Task instructions -> Only certain lines below are wanted: those starting at the line containing "Peacock Style Decorative" and ending at the line containing "Northwest Rail Electric", both included, each retyped exactly.

Exercise inputs ->
........

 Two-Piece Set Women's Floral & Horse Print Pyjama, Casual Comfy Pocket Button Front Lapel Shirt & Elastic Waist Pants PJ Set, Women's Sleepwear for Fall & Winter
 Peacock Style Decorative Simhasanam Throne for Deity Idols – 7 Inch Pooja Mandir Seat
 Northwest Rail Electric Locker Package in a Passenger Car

........

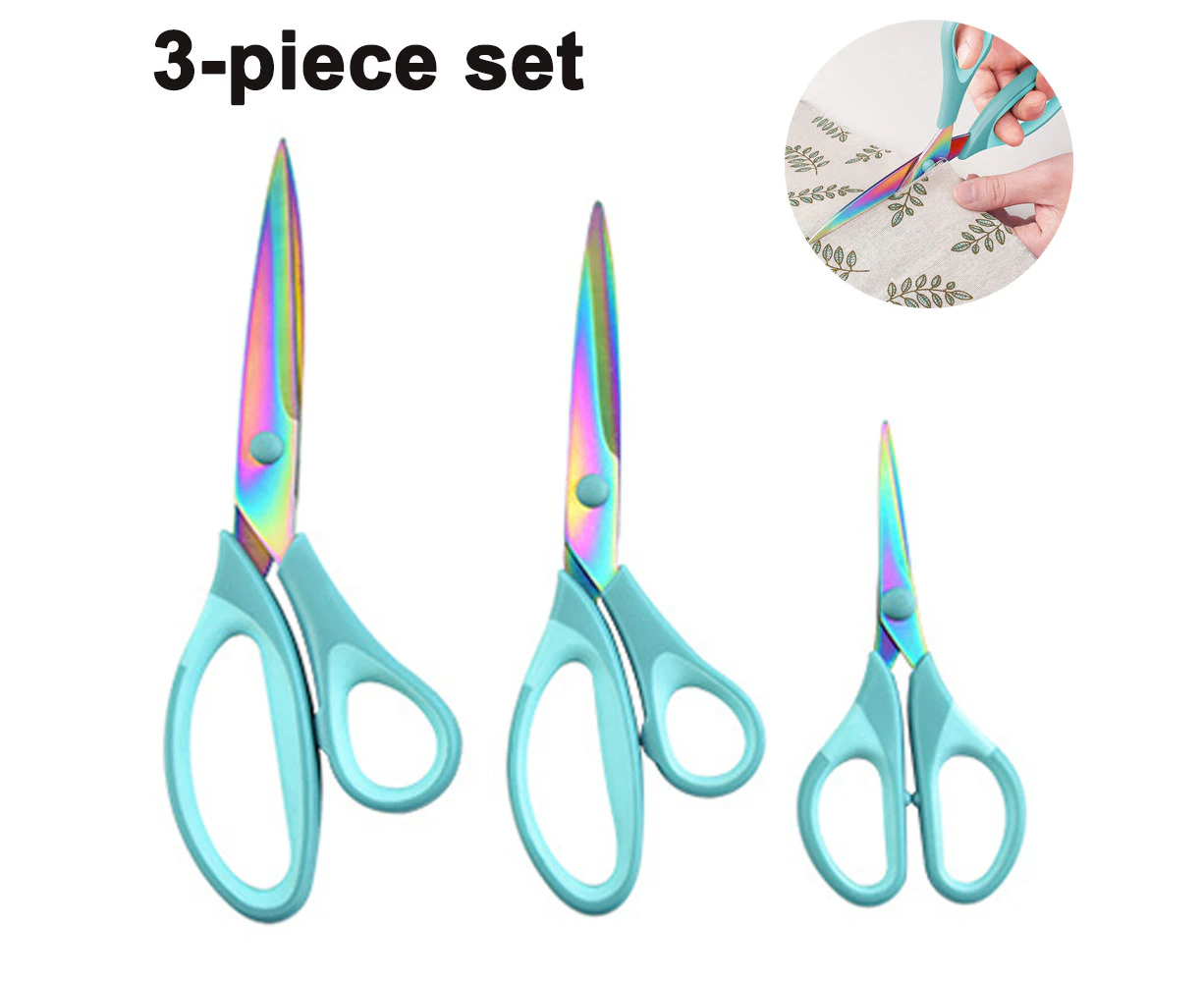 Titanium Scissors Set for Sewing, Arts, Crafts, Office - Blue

........

Exercise answer ->
 Peacock Style Decorative Simhasanam Throne for Deity Idols – 7 Inch Pooja Mandir Seat
 Northwest Rail Electric Locker Package in a Passenger Car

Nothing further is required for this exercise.